Before BIGGS, MARIS and CLARK, Circuit Judges.
In a proceeding in the District Court of the United States for the Eastern District of Pennsylvania for the reorganization under the Bankruptcy Act of the Philadelphia Rapid Transit Company Hugh Roberts was allowed the sum of $2,500 as compensation for services rendered by him as attorney for certain parties in interest in the reorganization. The allowance was made on January 12, 1940 after the reorganization plan had been confirmed by the court and consummated by the formation of the Philadelphia Transportation Company by consolidation and merger of the debtor and 64 other companies and the resulting acquisition by the Philadelphia Transportation Company of the property and business of its constituent corporations. The order of the court directed that the amount allowed be paid to Roberts by the Philadelphia Transportation Company.

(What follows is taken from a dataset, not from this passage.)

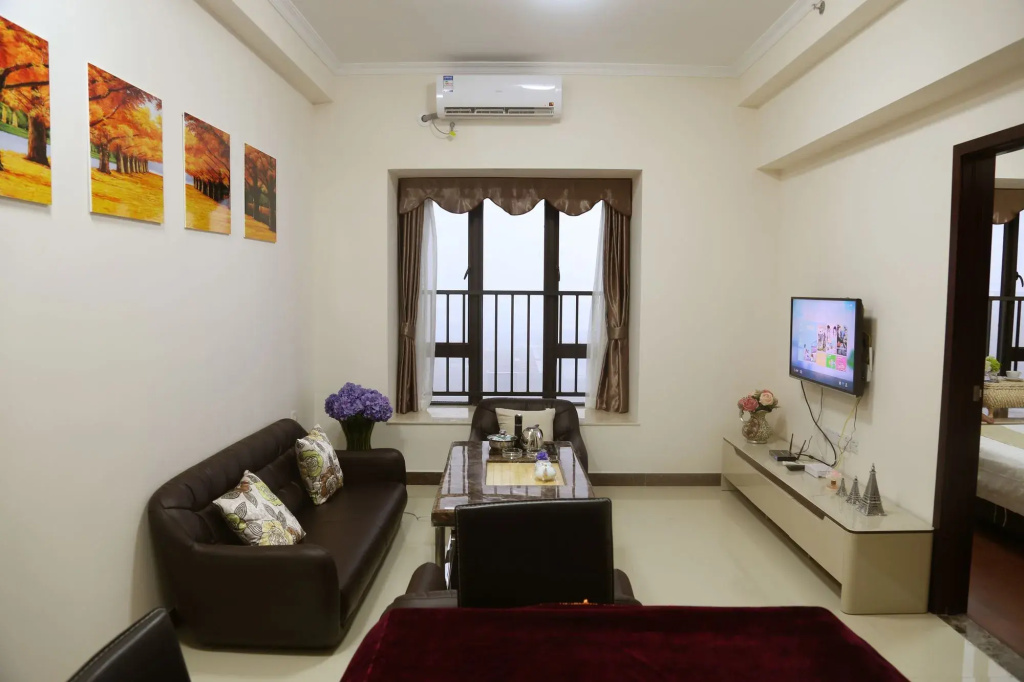 Yi Long International Apartment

On February 2, 1940 John C. Bell, Jr., Secretary of Banking of the Commonwealth of Pennsylvania, as Receiver of Aldine Trust Company, petitioned the district court for leave to issue an attachment execution out of the Court of Common Pleas No. 4 of Philadelphia County, Pennsylvania, upon a judgment in that court against Roberts, in order to attach in the hands of the Philadelphia Transportation Company the amount of the allowance payable to Roberts by that company pursuant to the order of the district court. On March 15, 1940 the district court entered an order denying the petition for leave to issue an attachment execution. The present appeal is from that order.

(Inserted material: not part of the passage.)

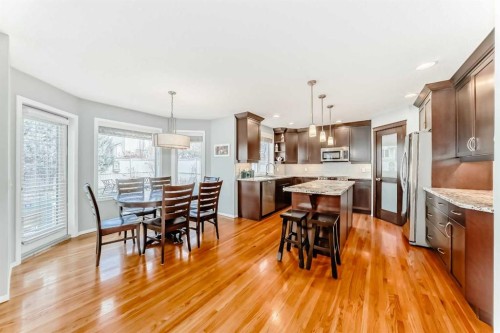 6 Mt Yamnuska Court Se, Calgary, AB - Indoor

The district court took the ground that the fund out of which Roberts' allowance is to be paid is in custodia legis and consequently attachable only with leave to court, and that since the services of counsel are essential in a corporate reorganization proceeding and may be obtained only if paid for an attachment of the amount allowed for such services would impede the judicial process and may, therefore, not be permitted. We should hesitate to accept the premises upon which the court's conclusion is based that in order to secure a lawyer's services it is necessary that he be given a special protection against his creditors. Certainly unless this premise is accepted it is difficult to see how any court could justify refusing as a matter of grace leave to attach a fund awarded outright to an individual and thus withdrawn entirely from the administration of the bankruptcy court. See In re Chakos, D.C., 36 F.2d 776.

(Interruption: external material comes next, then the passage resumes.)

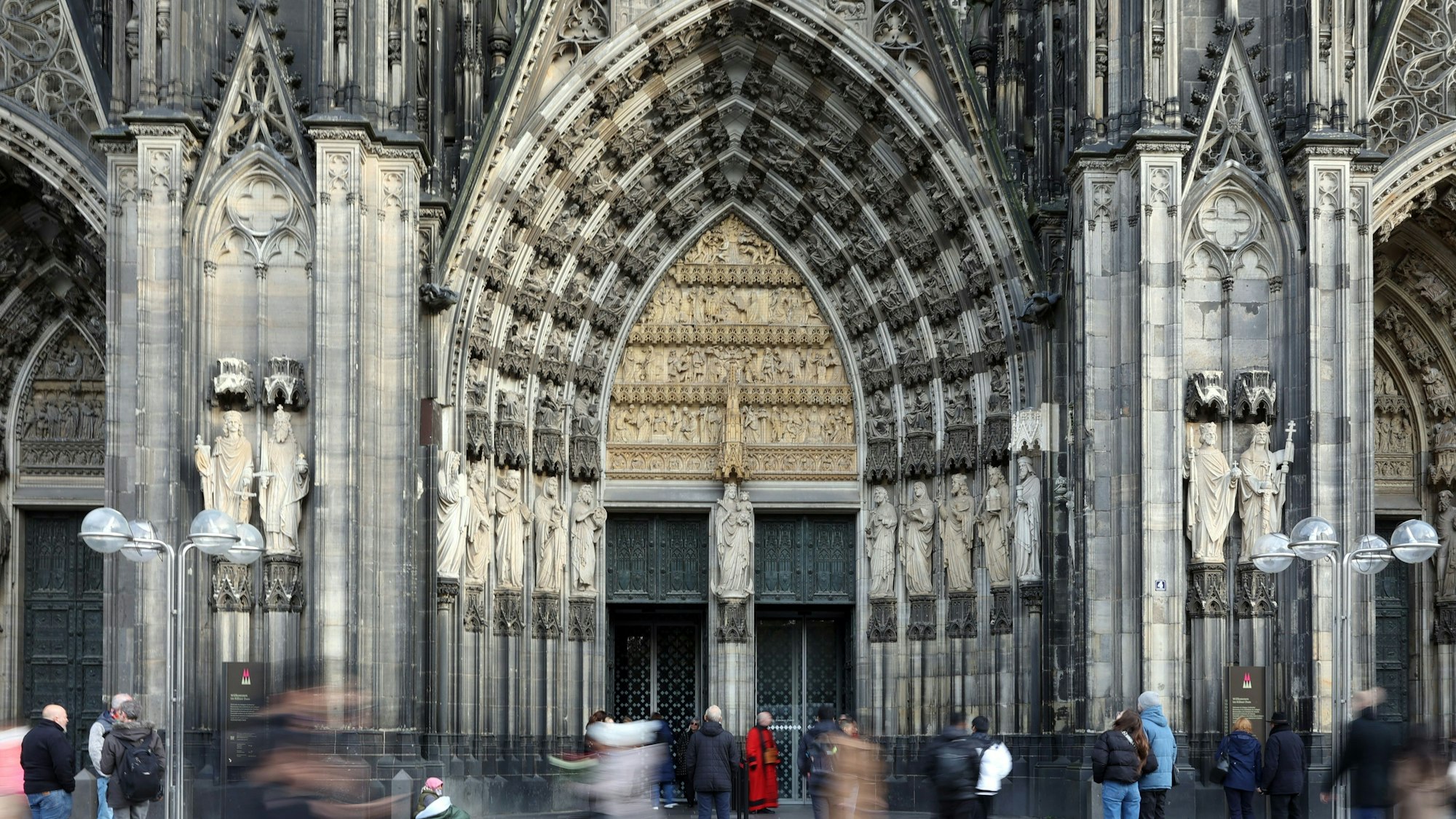 Das Marienportal des Kölner Doms ist 9,30 Meter breit und 28 Meter hoch.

It is unnecessary, however, to decide whether the district court abused its discretion in refusing leave to issue the attachment since we are of opinion that the property of the Philadelphia Treansportation Company is not in custodial legis and the amount payable by that company to Roberts under the court's order is, therefore, subject to attachment under the laws of Pennsylvania without leave of the district court. When in accordance with the reorganization plan and pursuant to the order of the district court the Philadelphia Transportation Company - the "New Company" under the reorganization plan - was formed and the property of the debtor became vested in it, that property passed out of the custody of the law and became assets to meet the obligation of the new company, including its obligation to Roberts under the court's order. When the reorganization was consummated the protecting hand of the bankruptcy court was withdrawn from the new company and its assets.
We assume, without deciding, as the district court likewise did, that the sum payable to Roberts for his legal services would be subject to attachment under the law of Pennsylvania. If, as Roberts urges, that allowance is to be considered salary and, therefore, exempt from attachment under Section 5 of the Act of April 15, 1845, P.L. 459, 42 P.S. § 886, he will have opportunity to claim his exemption in the attachment proceeding in the state court by rule to dissolve or other appropriate action.
The order of the district court is reversed and the cause is remanded to that court with directions to dismiss the petition for want of jurisdiction.